CHP Genel Başkanı Kemal Kılıçdaroğlu, İzmir'de Gençlerle Buluştu

Cumhuriyet Halk Partisi Genel Başkanı Kemal Kılıçdaroğlu, İzmir’de Gençlik Buluşmasında gençlerle bir araya gelerek sorularını yanıtladı.

CHP Genel Başkanı Kemal Kılıçdaroğlu’na sorulan sorular ve yanıtları şöyle:

“MÜLAKAT OLMAYACAK: (İktidara geldiğinizde mülakatlar olacak mı?) KPSS sınavında aldığınız puan geçerli olacak, ilke olarak mülakat olmayacak, kim kazandıysa doğal olarak ataması yapılacak. Eğer bir mesleğin gerektirdiği mülakat varsa, mülakat yapılması gerekiyorsa kamera konulacak dolayısıyla sorulan sorular, sizin verdiğiniz yanıtlar banda alınacak böylece haksızlığa uğradığınızı düşünürseniz yargıya başvurup hak arama imkanınız da sağlanacak.

ERDOĞAN DA ADAY OLACAK VE BİZ DE ONU İNŞALLAH HEP BİRLİKTE EMEKLİ EDECEĞİZ: (Erdoğan’ın üçüncü kez Cumhurbaşkanı olması hakkında ne düşünüyorsunuz?) Büyük olasılıkla Erdoğan erken seçim kararı alacak, erken seçim kararı alması için parlamentoyu feshetmesi lazım, son uygulamalara göre o zaman kendisi aday olabiliyor. Dolayısıyla zamanında seçim olacaktır gibi açıklamalar yapıyor ama aslında erken seçim olacak bizim tahminimize göre, Erdoğan da aday olacak ve biz de onu inşallah hep birlikte emekli edeceğiz.
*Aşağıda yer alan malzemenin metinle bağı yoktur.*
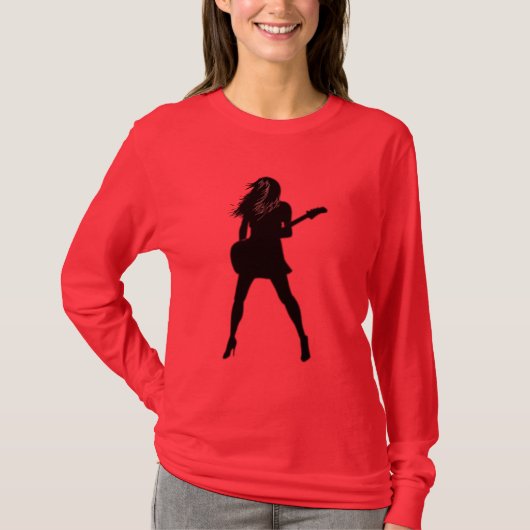 Rock and Roll Gitarist Vrouw T-shirt (Voorkant)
KADINA YÖNELİK ŞİDDETİ EN AĞI ŞEKİLDE CEZALANDIRILMASI İÇİN ELİMİZDEN GELENİ YAPACAĞIZ (Kadına şiddet her geçen gün çoğalıyor, yaptırımlar hakkında ne düşünüyorsunuz?) Kadına şiddet uygulayan kişinin yasada öngörülen cezayı hiçbir indirim almaksızın cezalandırılması, yani kravat taktı diye, ütülü pantolon giydi diye hakimin karşısına çıkıp iyi hal indirimi sağlamak mümkün değil, bu konuda çok kararlıyız, ben de, kadın kolları da kadınların oluşturduğu sivil toplum örgütleri de aynı görüşte. Kadına yönelik şiddettin bir başka penceresi daha var, sosyolojik olarak bakılması lazım. Şiddettin gerekçelerinin ortaya konulması lazım ve o gerekçelerle de ayrıca mücadele edilmesi lazım. Tek başına ceza değil, şiddeti bir anlamda yaygınlaştıran uygulamaların sosyolojik olarak nedenlerine bakmak gerekiyor o konuda da akademik dünyada çalışmalar var. Kadına yönelik şiddeti en ağı şekilde cezalandırılması için elimizden geleni yapacağız.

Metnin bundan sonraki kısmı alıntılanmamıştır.